Telecom equipment provider Ericsson aims to increase its share in the Indian market on the back of new orders that it expects to come from existing customer Vodafone Idea, which will spend the bulk of its fundraise on enhancing 4G services and rolling out 5G services.
Nitin Bansal, India managing director of the Swedish gear maker, said in an interview that discussions with the No. 3 carrier were ongoing but new purchase orders were yet to be given out. “We continue to talk. We have been discussing across all telcos in India. Once they decide, they will tell us what they have in mind,” he said.

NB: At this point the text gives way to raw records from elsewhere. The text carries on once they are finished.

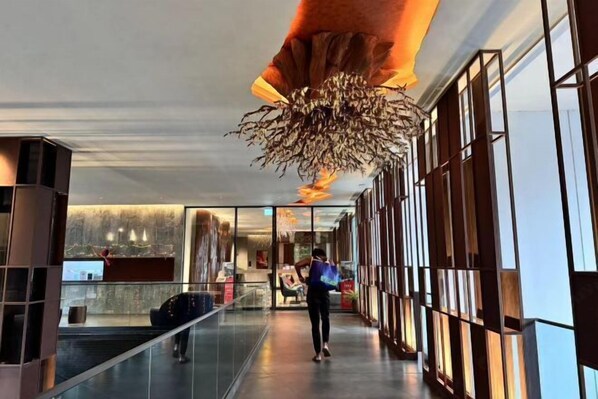 المنشأة من الخارج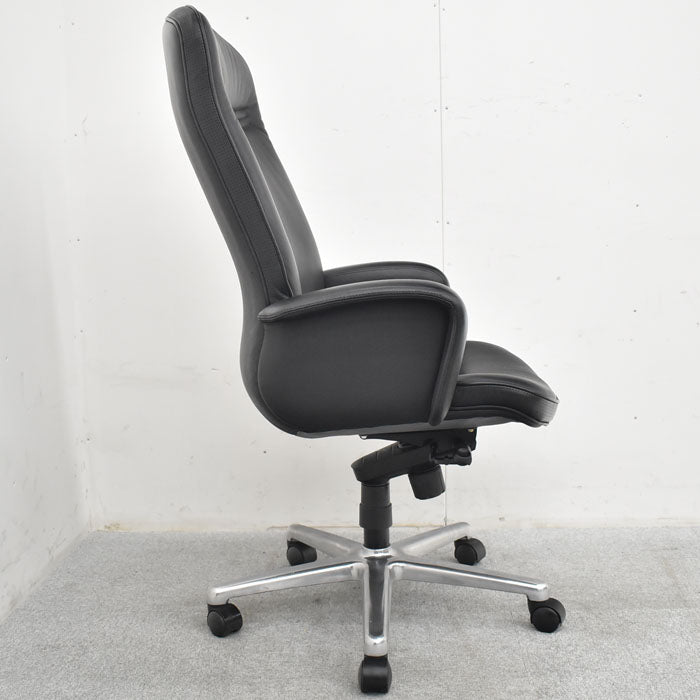 オカムラ KCシリーズ エグゼクティブチェア 総革張り ブラック 2023062603【中古オフィス家具】【中古】
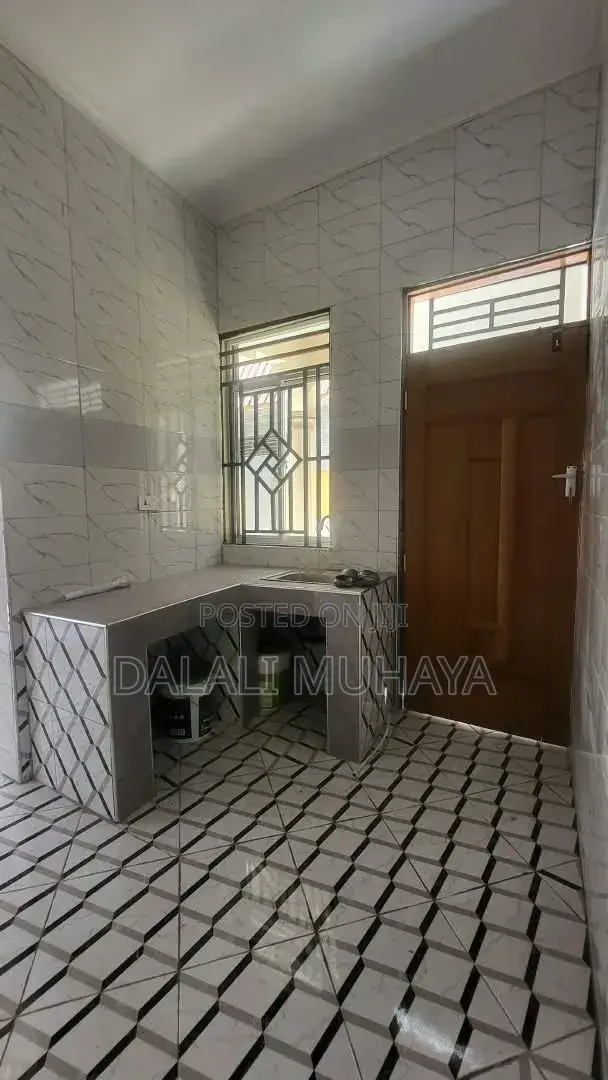 3bdrm House in Mkononi Street, Mbagala for sale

“As a technology provider, our ambition is always to get more but I will never say that we want to get less from any customer. But the discussions are ongoing, and we will wait for them to decide what they have in mind,” Bansal said in response to question on getting more business from circles of Vodafone Idea that are currently using gear from Chinese vendors Huawei and ZTE.
The latter could be replaced when the telco upgrades to 5G as the Indian government rules do not permit ‘non-trusted’ sources for telecom equipment. Huawei and ZTE are yet to get this status, while Ericsson and Finnish rival Nokia have got theirs.
Vodafone Idea recently raised ₹18,000 crore from India’s largest follow-on public offer till date and another ₹2,075 crore from promoter Aditya Birla Group. The loss-making telecom services provider is also in talks with banks and financial institutions to raise another ₹35,000 crore through debt.
The telco has planned capex of ₹50,000-55,000 crore for the next three years, which will be primarily aimed at improving 4G services across the country, and launching 5G services in its 17 priority circles. It aims to begin 5G rollouts within six to nine months and achieve 40% revenue coverage within 24-30 months.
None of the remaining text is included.